#### [Aim of the exercise]
May I have the line containing "Aurora, IL 60506" and every line after it through the end of the data, repeated exactly and with no other lines?
START Supplied material
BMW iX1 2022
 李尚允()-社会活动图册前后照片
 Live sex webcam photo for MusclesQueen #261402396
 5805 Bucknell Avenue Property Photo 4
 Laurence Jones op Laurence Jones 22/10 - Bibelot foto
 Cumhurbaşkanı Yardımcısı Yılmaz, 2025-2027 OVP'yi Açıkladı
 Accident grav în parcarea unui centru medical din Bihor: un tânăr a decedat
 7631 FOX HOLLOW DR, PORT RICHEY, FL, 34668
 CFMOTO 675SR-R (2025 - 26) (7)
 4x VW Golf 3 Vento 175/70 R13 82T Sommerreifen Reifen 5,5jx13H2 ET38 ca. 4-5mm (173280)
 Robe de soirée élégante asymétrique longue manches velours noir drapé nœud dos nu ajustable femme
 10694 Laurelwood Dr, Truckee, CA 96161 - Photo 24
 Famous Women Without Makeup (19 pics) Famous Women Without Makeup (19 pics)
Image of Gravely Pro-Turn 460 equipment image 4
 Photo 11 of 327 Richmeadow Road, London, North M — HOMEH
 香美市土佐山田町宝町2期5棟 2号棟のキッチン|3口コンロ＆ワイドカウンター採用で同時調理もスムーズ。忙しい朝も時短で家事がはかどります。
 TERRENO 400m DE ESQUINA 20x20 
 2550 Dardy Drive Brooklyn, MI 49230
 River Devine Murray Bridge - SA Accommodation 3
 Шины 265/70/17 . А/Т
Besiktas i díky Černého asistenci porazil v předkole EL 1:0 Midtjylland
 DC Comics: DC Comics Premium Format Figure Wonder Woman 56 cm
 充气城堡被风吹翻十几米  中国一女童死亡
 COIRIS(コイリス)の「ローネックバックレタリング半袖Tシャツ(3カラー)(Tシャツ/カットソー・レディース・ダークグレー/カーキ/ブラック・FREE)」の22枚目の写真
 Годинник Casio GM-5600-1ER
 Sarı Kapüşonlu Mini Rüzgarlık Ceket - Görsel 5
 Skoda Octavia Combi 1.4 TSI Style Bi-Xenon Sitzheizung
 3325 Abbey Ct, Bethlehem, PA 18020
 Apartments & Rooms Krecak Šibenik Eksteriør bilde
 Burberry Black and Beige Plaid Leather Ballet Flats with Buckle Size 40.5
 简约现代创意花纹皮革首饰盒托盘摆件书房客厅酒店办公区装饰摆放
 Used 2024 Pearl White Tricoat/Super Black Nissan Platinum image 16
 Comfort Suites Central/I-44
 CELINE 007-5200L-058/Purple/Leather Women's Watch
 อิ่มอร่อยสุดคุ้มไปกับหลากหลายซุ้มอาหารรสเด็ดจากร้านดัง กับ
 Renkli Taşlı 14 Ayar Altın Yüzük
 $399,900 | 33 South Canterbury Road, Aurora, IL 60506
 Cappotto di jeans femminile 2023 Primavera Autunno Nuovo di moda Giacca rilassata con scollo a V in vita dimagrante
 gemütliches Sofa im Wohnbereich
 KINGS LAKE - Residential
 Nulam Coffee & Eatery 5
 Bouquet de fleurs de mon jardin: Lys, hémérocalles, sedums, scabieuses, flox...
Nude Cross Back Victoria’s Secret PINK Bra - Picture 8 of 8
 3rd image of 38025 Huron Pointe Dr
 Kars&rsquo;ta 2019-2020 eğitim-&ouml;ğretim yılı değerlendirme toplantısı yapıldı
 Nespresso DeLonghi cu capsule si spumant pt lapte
END Supplied material
#### [Exercise response]
 $399,900 | 33 South Canterbury Road, Aurora, IL 60506
 Cappotto di jeans femminile 2023 Primavera Autunno Nuovo di moda Giacca rilassata con scollo a V in vita dimagrante
 gemütliches Sofa im Wohnbereich
 KINGS LAKE - Residential
 Nulam Coffee & Eatery 5
 Bouquet de fleurs de mon jardin: Lys, hémérocalles, sedums, scabieuses, flox...
Nude Cross Back Victoria’s Secret PINK Bra - Picture 8 of 8
 3rd image of 38025 Huron Pointe Dr
 Kars&rsquo;ta 2019-2020 eğitim-&ouml;ğretim yılı değerlendirme toplantısı yapıldı
 Nespresso DeLonghi cu capsule si spumant pt lapte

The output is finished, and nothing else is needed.